### DATA
....

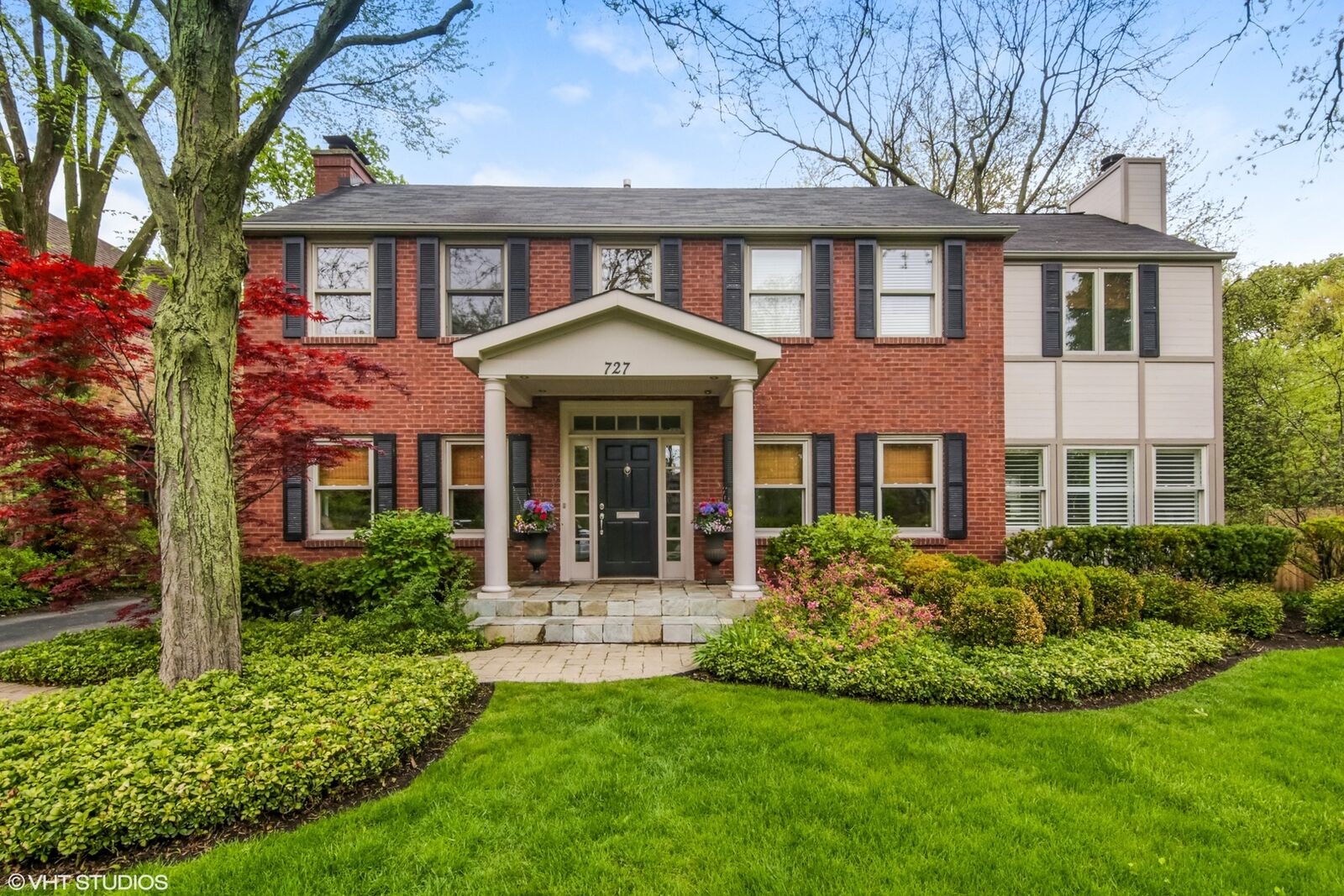 Property Photo:  727 Grove Street  IL 60022 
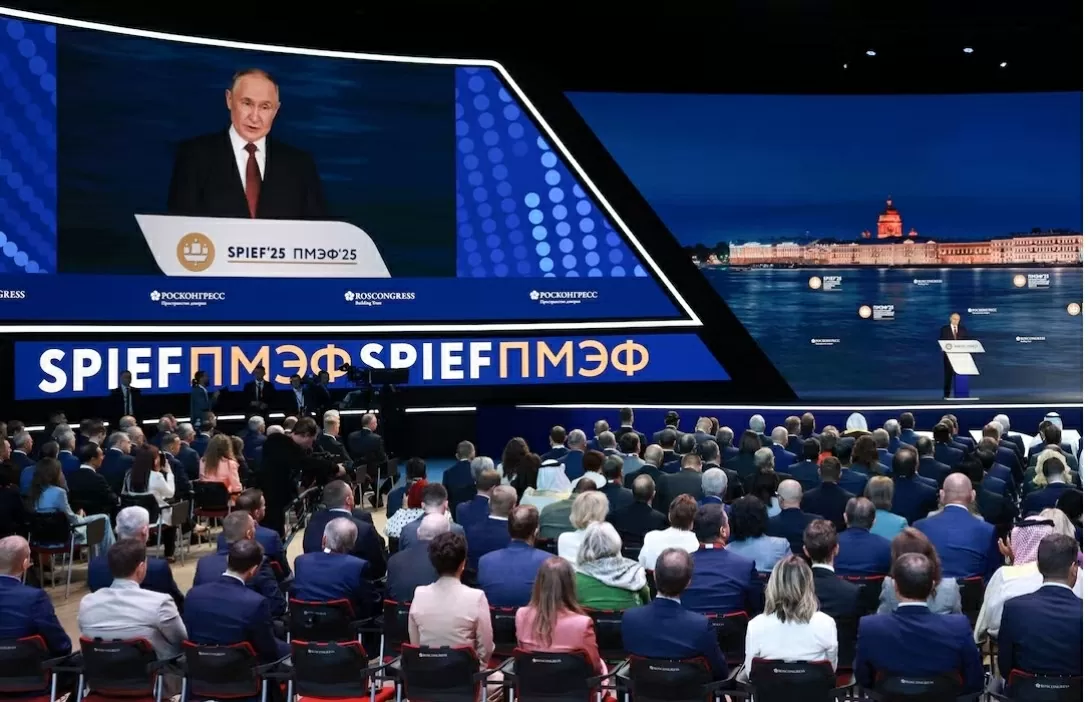 Tổng thống Nga Vladimir Putin phát biểu tại phiên họp toàn thể của Diễn đàn Kinh tế Quốc tế St. Petersburg (SPIEF) tại Saint Petersburg, Nga, ngày 20 tháng 6 năm 2025. REUTERS/Anton Vaganov Mua Quyền cấp phép Tổng thống Nga Vladimir Putin phát biểu tại phiên họp toàn thể của Diễn đàn Kinh tế Quốc tế St. Petersburg (SPIEF) tại Saint Petersburg, Nga, ngày 20 tháng 6 năm 2025. REUTERS/Anton Vaganov Mua Quyền cấp phép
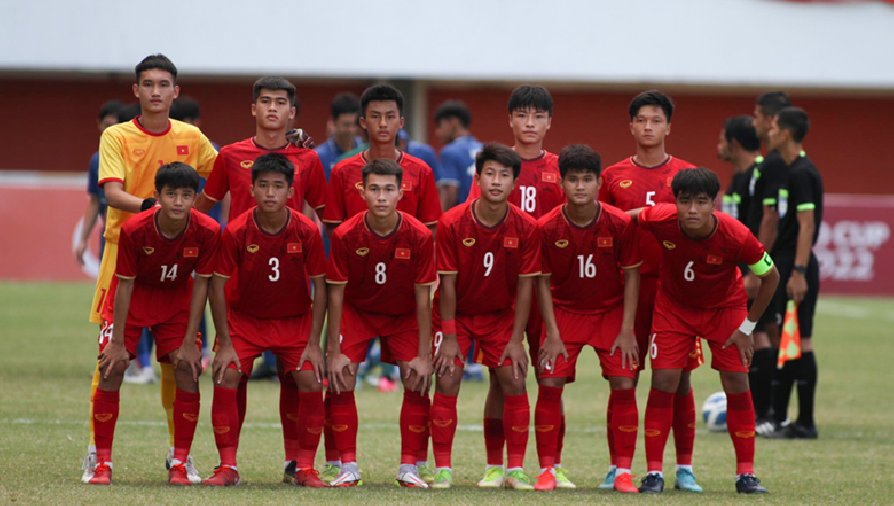 U16 Việt Nam mặc trang phục may mắn ở chung kết với U16 Indonesia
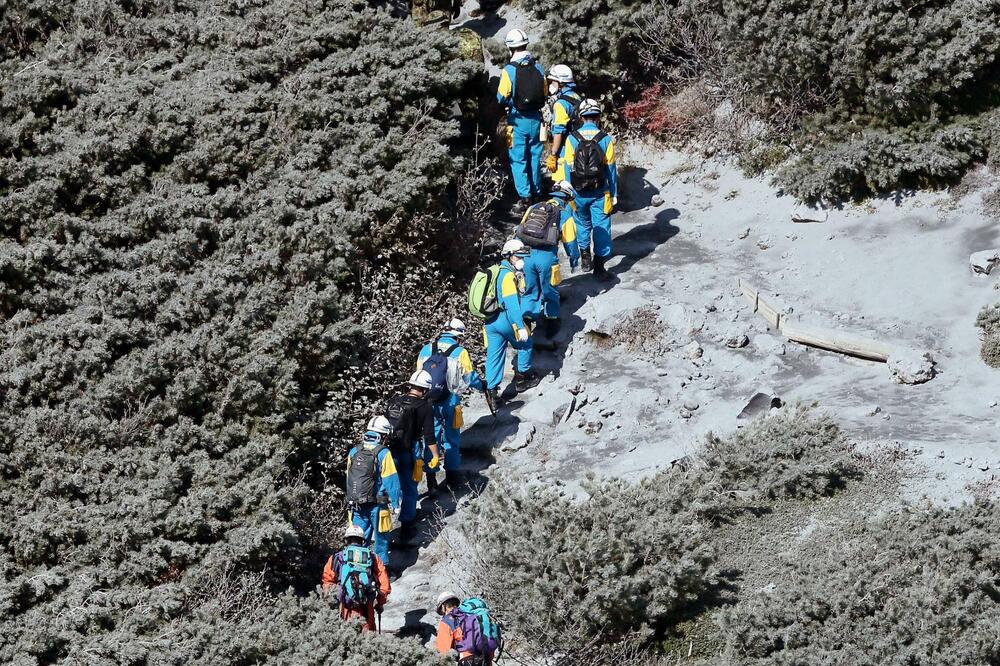 Spasiocu tragaju za preživjelima, Foto: Reuters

....

### EXERCISE OBJECTIVE
Every line of the listing above is to be repeated exactly, with its pictures left out.

### REPLY
 Property Photo:  727 Grove Street  IL 60022 
 Tổng thống Nga Vladimir Putin phát biểu tại phiên họp toàn thể của Diễn đàn Kinh tế Quốc tế St. Petersburg (SPIEF) tại Saint Petersburg, Nga, ngày 20 tháng 6 năm 2025. REUTERS/Anton Vaganov Mua Quyền cấp phép Tổng thống Nga Vladimir Putin phát biểu tại phiên họp toàn thể của Diễn đàn Kinh tế Quốc tế St. Petersburg (SPIEF) tại Saint Petersburg, Nga, ngày 20 tháng 6 năm 2025. REUTERS/Anton Vaganov Mua Quyền cấp phép
 U16 Việt Nam mặc trang phục may mắn ở chung kết với U16 Indonesia
 Spasiocu tragaju za preživjelima, Foto: Reuters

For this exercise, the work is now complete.